On Tuesday, September 11, 2018 at 8:24:26 AM UTC+1, wrote:
At the OSTIV meeting in Delft in 2007, a presentation was made before the delegates of Training and Safety Panel and Sailplane Development Panel by professor Antonio Dal Monte, the then Director of the Italian Institute for Sport Sciences. Prof Dal Monte had been involved in the official analysis of Senna's crash, and had also been instrumental in creating the detachable safety cockpit for racing speedboats after the fatal crash of Stefano Casiraghi, husband of Princess Caroline of Monaco while he was defending his world offshore title.

Having analized a series of fatal glider crashes, he concluded that the mass of the wing with the strong spar positioned right behind the head of the pilot was a major factor in the lethality of these crashes. As a matter of fact, a friend of mine was killed when his wooden Siebert 3 (similar to the Ka-6) spun in, and when picking up the pieces, we found the T-handle of one of the main bolts had been bent on impact. His head had been one foot in front of that bolt...
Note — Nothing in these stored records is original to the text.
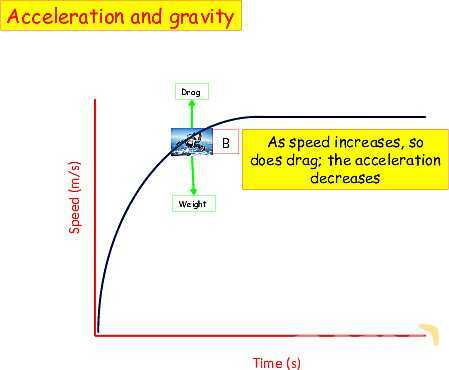 Understanding Speed, Velocity, and Acceleration: Physics Essentials for Students and Educators- پیش نمایش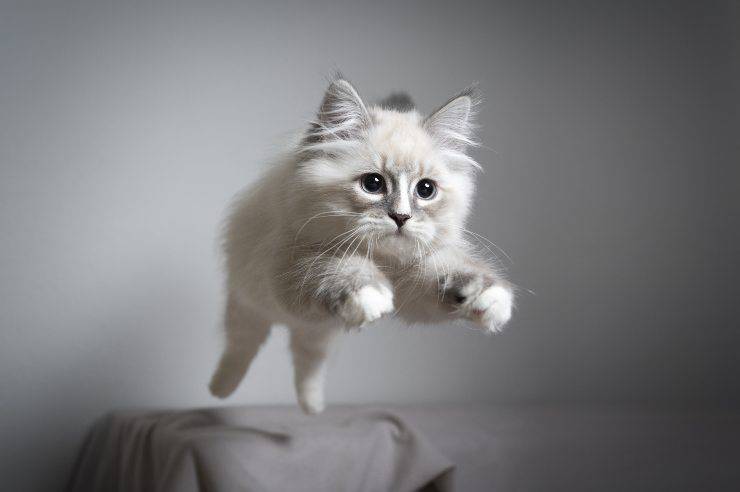 porque el gato maúlla antes de saltar
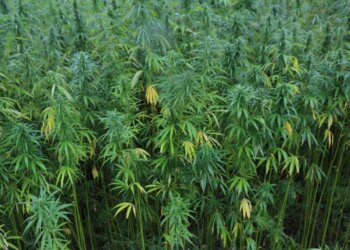 Wie-viel-ha-für-Deutschlands-Marihuanaversorgung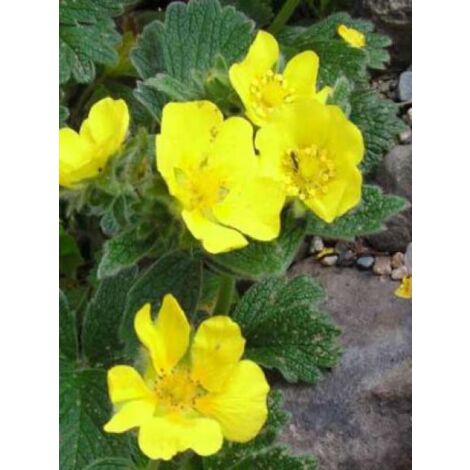 Potentille vivace à grandes fleurs Godet de 8/9 cm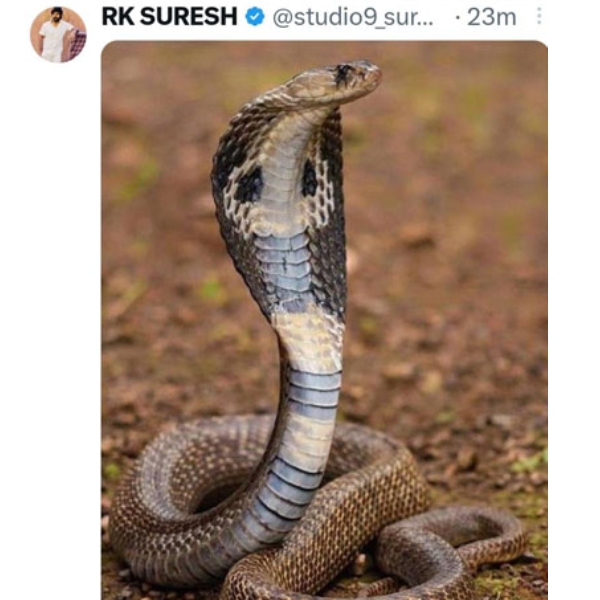 Actor R.K.Suresh posted King Cobra imge in his twitter 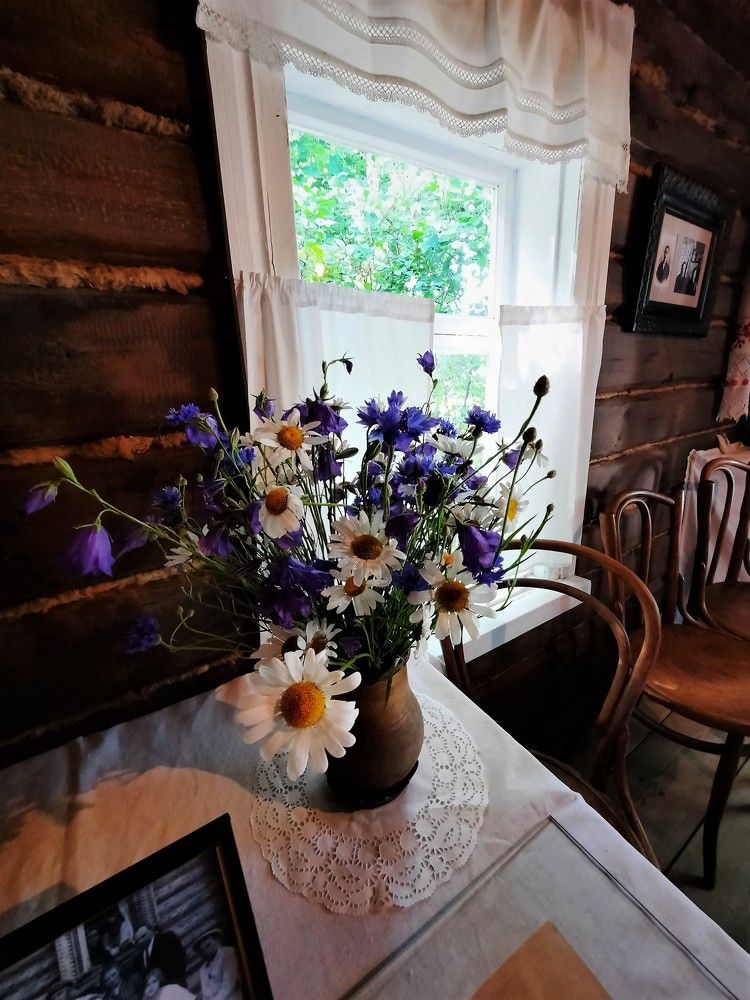 Фотография автора Елена Пикатова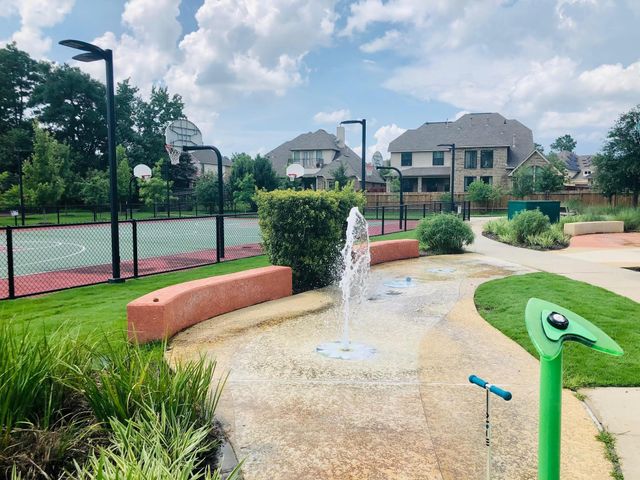 29021 Cherrywood Lane, Shenandoah, TX 77381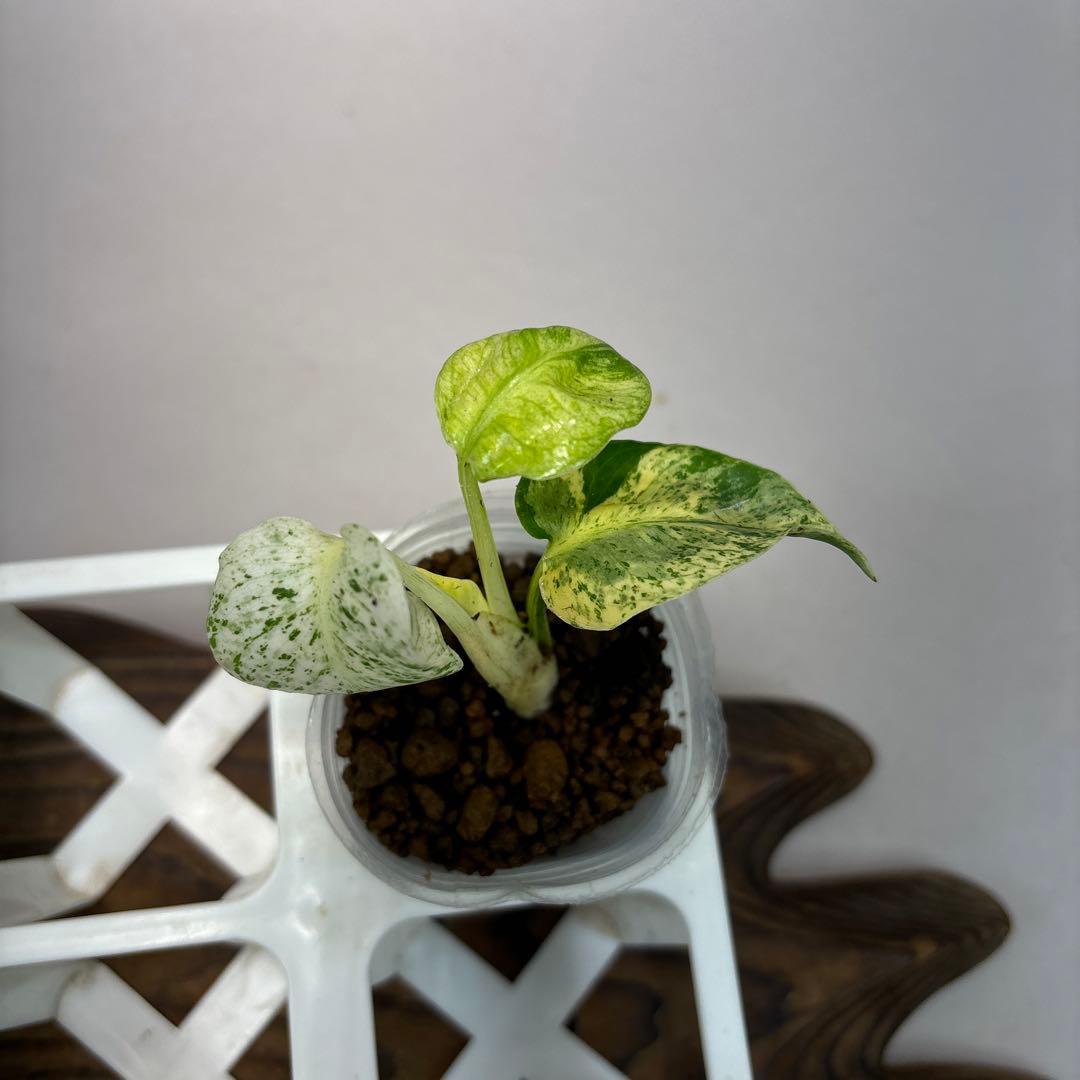 ロ*ィ様 lsw659【特別選抜】ホワイトモンスター／天津蘭 モンステラ斑入り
What Dal Monte proposed was a detachable safety cockpit for gliders, mounted on rails that would be angled approximately 30 degrees (more or less parallel to the backrest) and fixed by a suitable weak link. In case of a crash, the whole wing and rear fuselage would be guided under the cockpit instead of crushing it. He even suggested making a standard cockpit to be used by all manufacturers, as the real differences in profile at cockpit level are rather small and this would reduce the costs.

Unfortunately, the engineers from the main manufacturers, present at this reunion, simply laughed the proposition away without even seeming to consider the option. I always thought that, had the professor been a German instead of an Italian, they would at least have considered the pros and contras.. But Italy = opera + mafia in the head of many people. It is also Ferrari, Maserati, Lamborghini...


Same presentation by Professor Antonio Dal Monte was made to the IGC Plenum meeting.